Excerpted data section start

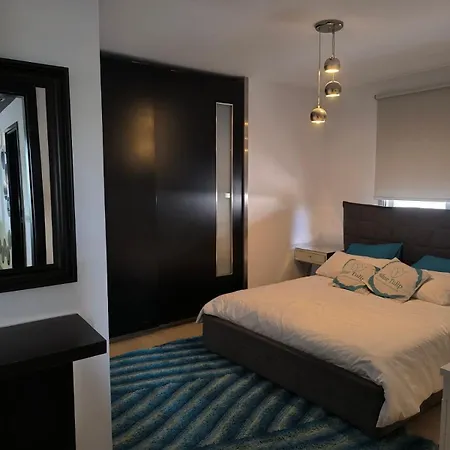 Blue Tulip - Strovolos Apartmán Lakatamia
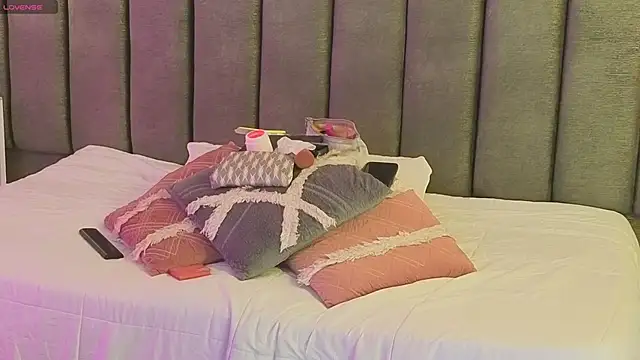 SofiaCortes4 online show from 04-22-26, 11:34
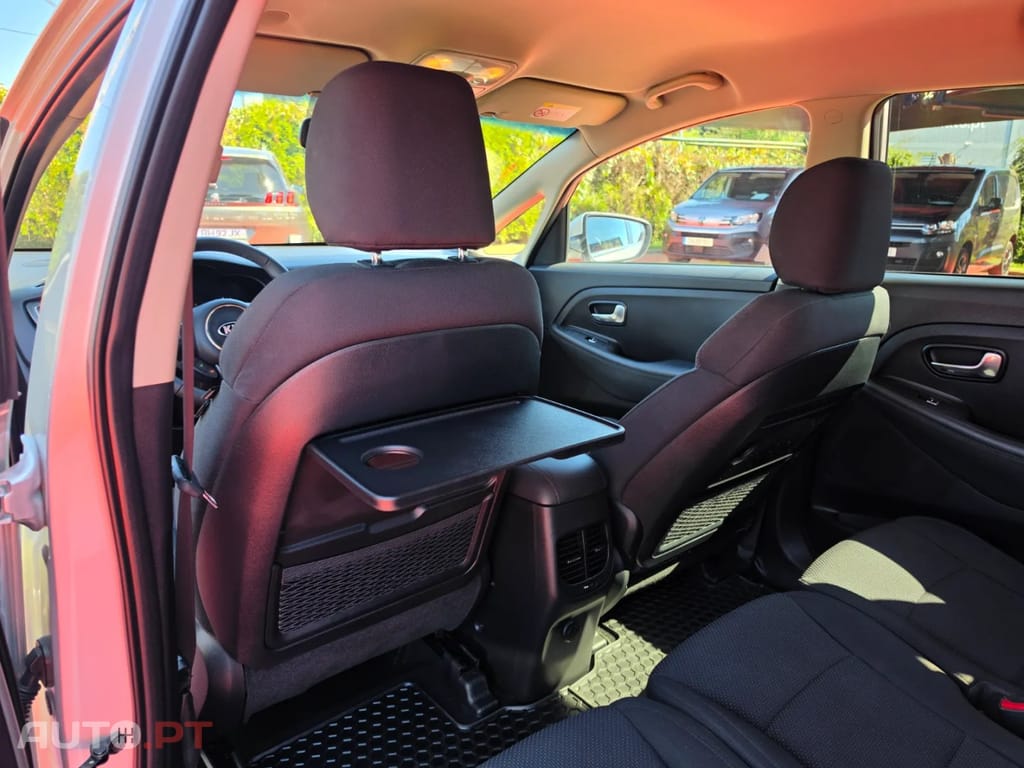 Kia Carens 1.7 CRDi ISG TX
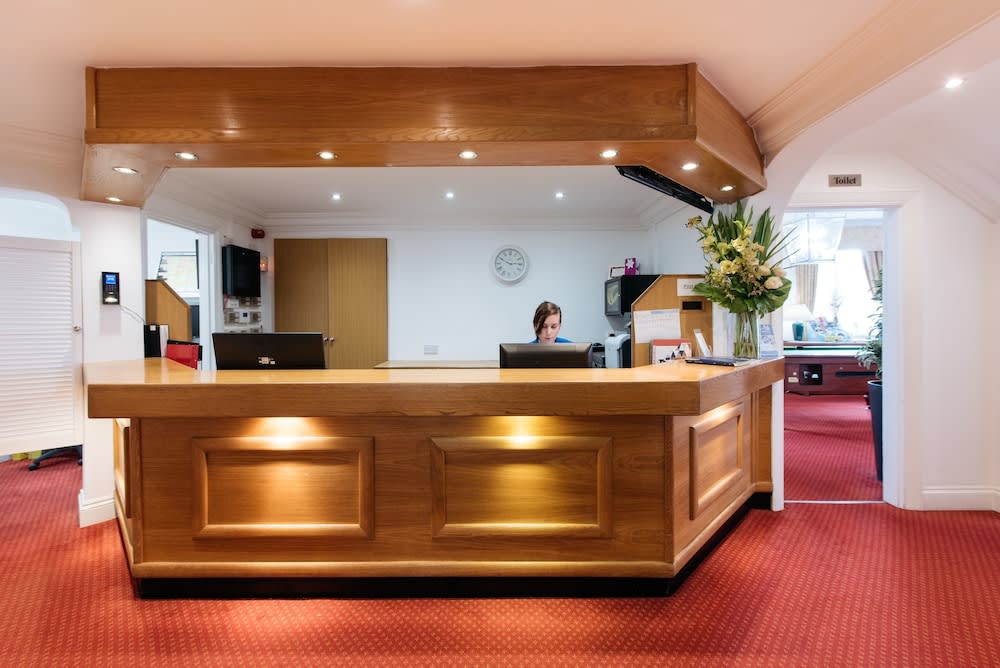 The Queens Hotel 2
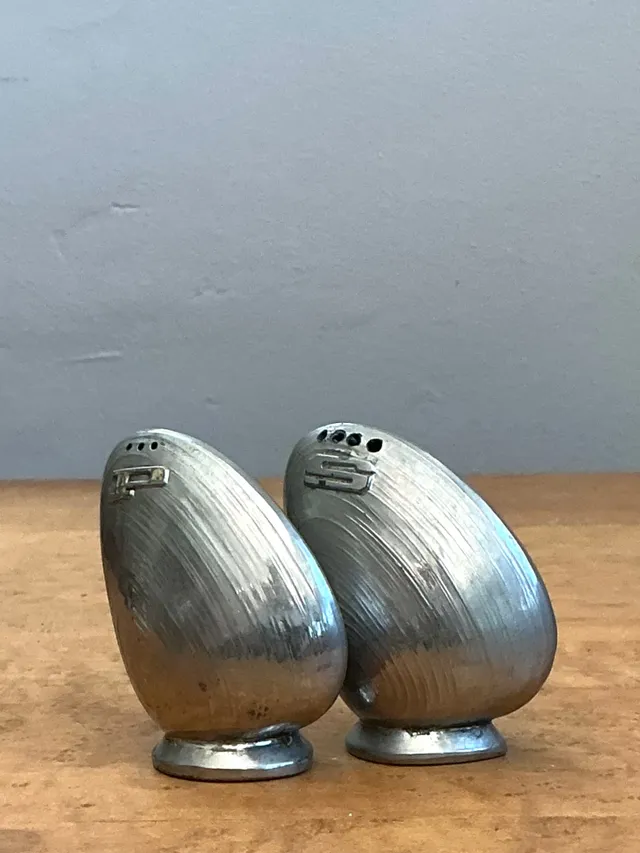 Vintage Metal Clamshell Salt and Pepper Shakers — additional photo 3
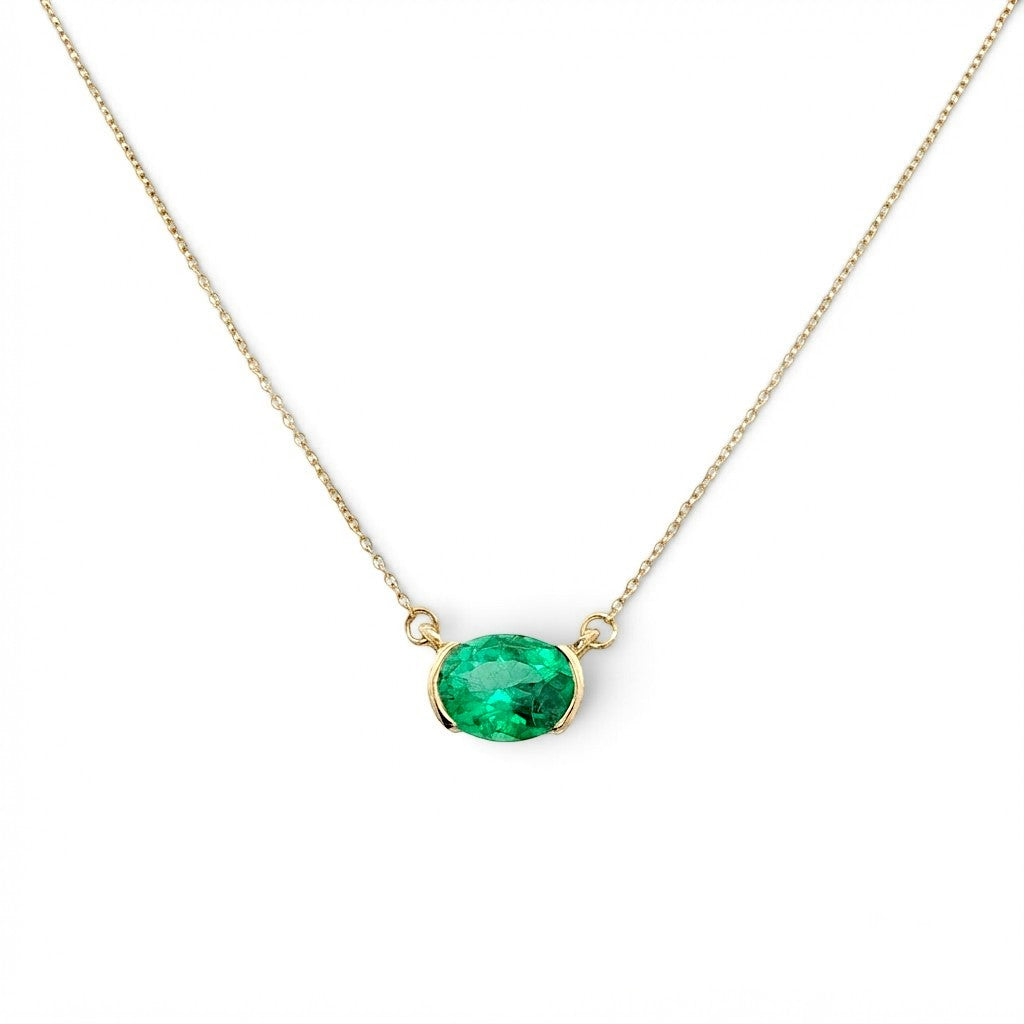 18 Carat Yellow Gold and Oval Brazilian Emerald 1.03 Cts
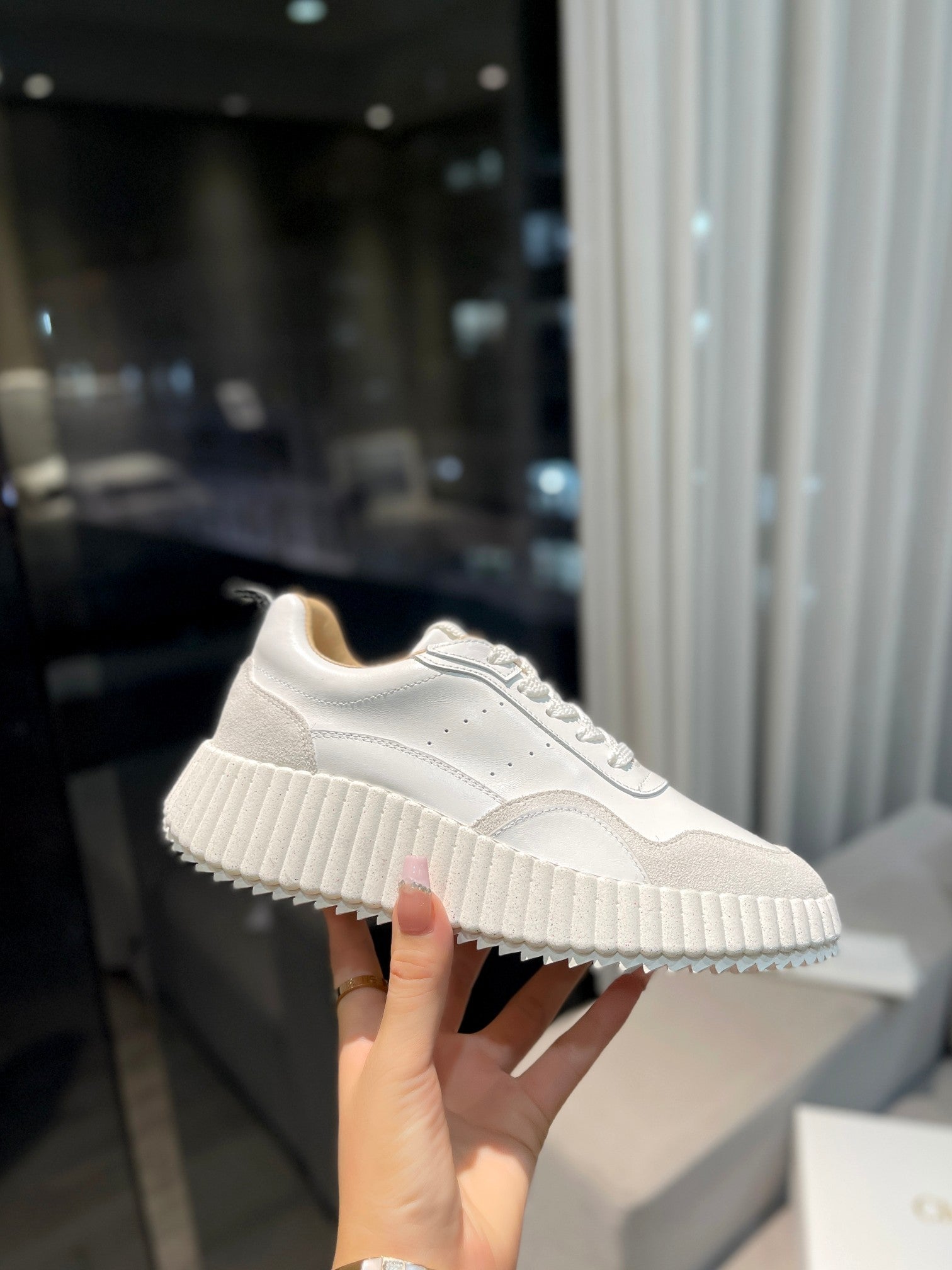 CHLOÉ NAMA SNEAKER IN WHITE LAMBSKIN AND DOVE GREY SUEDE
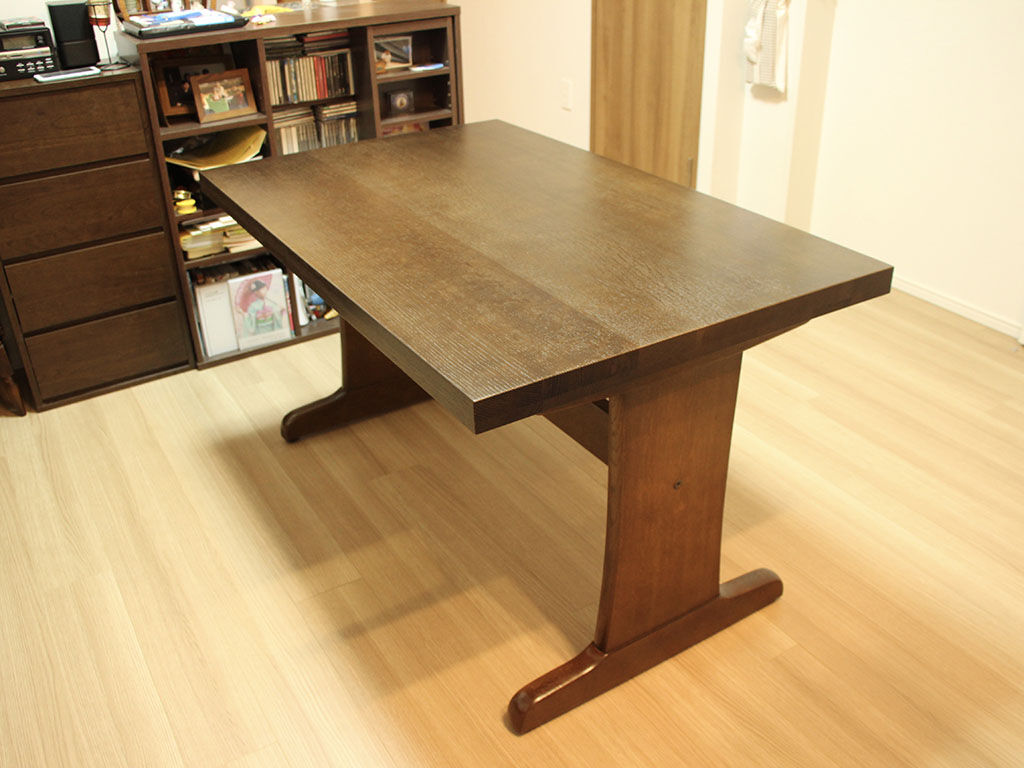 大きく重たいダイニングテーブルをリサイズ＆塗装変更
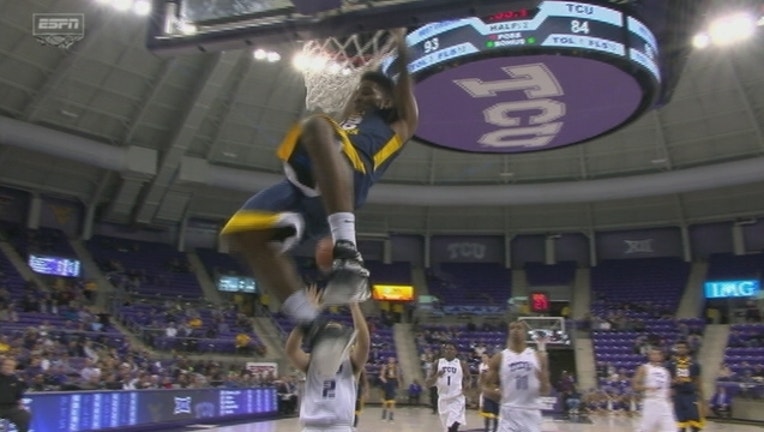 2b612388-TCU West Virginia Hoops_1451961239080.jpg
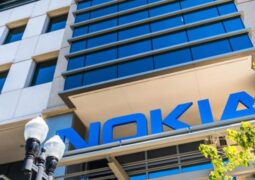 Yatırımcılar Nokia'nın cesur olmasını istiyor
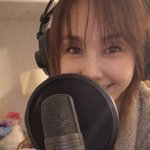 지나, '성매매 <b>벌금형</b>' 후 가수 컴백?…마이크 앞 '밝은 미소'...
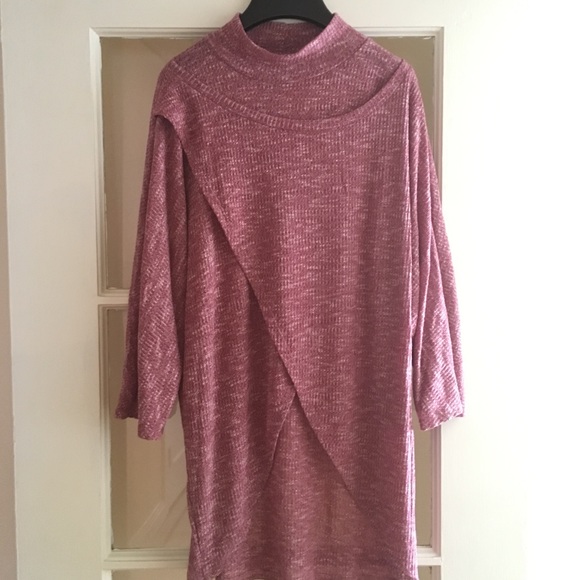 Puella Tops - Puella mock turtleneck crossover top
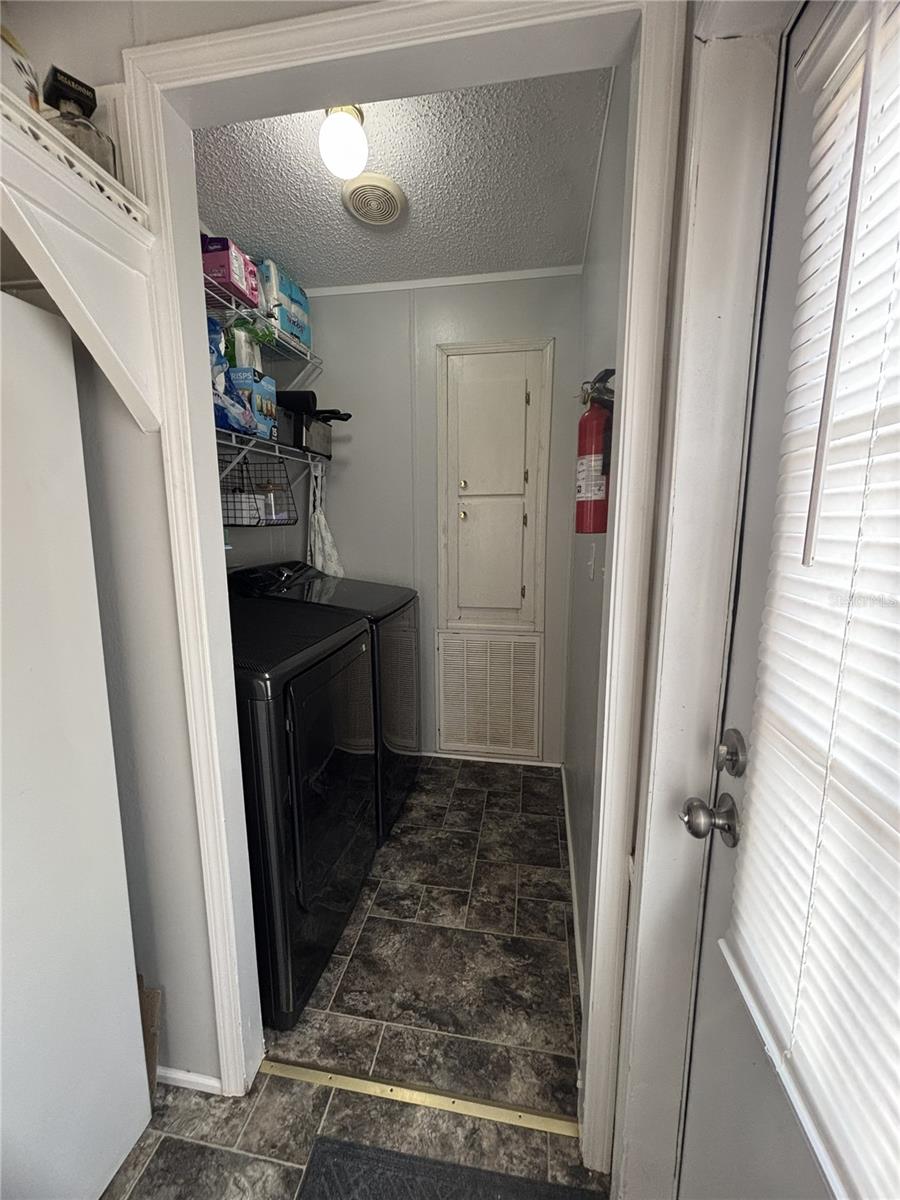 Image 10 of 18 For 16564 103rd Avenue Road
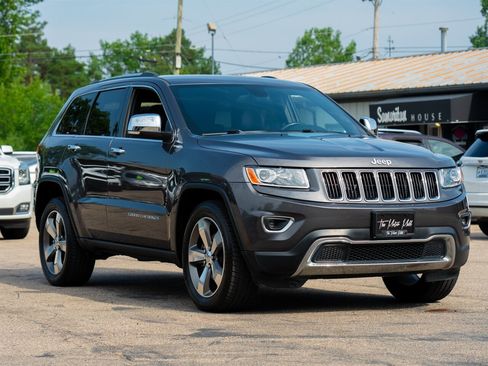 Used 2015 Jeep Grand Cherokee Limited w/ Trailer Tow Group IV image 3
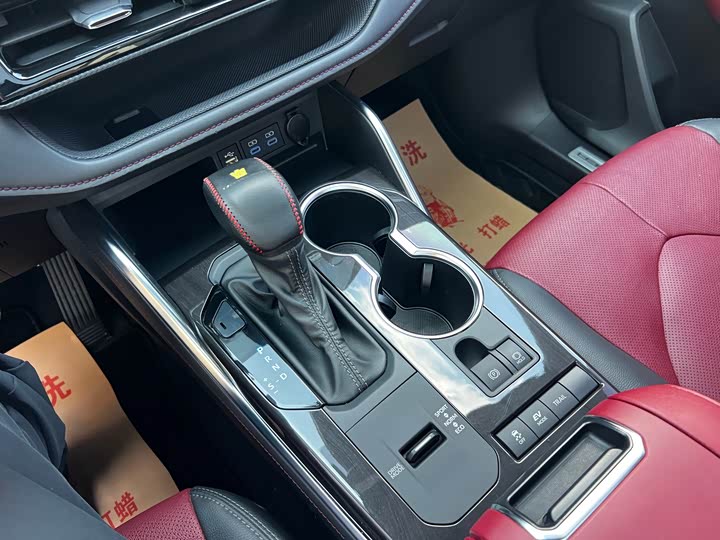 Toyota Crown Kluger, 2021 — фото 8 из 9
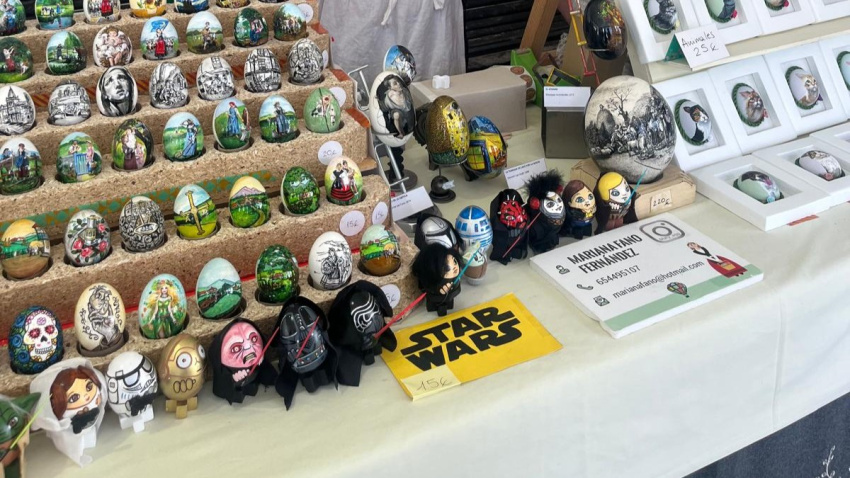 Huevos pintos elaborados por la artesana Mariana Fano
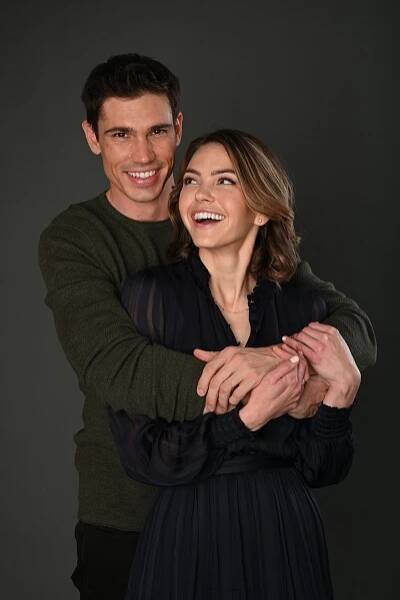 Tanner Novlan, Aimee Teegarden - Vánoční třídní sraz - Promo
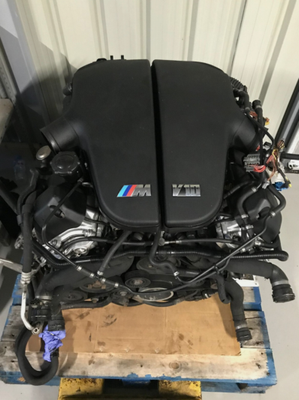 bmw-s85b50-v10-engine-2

Excerpted data section end

(Work required)
Word for word, retype the lines in the entries above that run from the one with "Kia Carens 1.7 CRDi ISG TX" through the one with "Huevos pintos elaborados". Both ends count; pictures do not.

(Response area)
 Kia Carens 1.7 CRDi ISG TX
 The Queens Hotel 2
 Vintage Metal Clamshell Salt and Pepper Shakers — additional photo 3
 18 Carat Yellow Gold and Oval Brazilian Emerald 1.03 Cts
 CHLOÉ NAMA SNEAKER IN WHITE LAMBSKIN AND DOVE GREY SUEDE
 大きく重たいダイニングテーブルをリサイズ＆塗装変更
 2b612388-TCU West Virginia Hoops_1451961239080.jpg
 Yatırımcılar Nokia'nın cesur olmasını istiyor
 지나, '성매매 <b>벌금형</b>' 후 가수 컴백?…마이크 앞 '밝은 미소'...
 Puella Tops - Puella mock turtleneck crossover top
 Image 10 of 18 For 16564 103rd Avenue Road
 Used 2015 Jeep Grand Cherokee Limited w/ Trailer Tow Group IV image 3
 Toyota Crown Kluger, 2021 — фото 8 из 9
 Huevos pintos elaborados por la artesana Mariana Fano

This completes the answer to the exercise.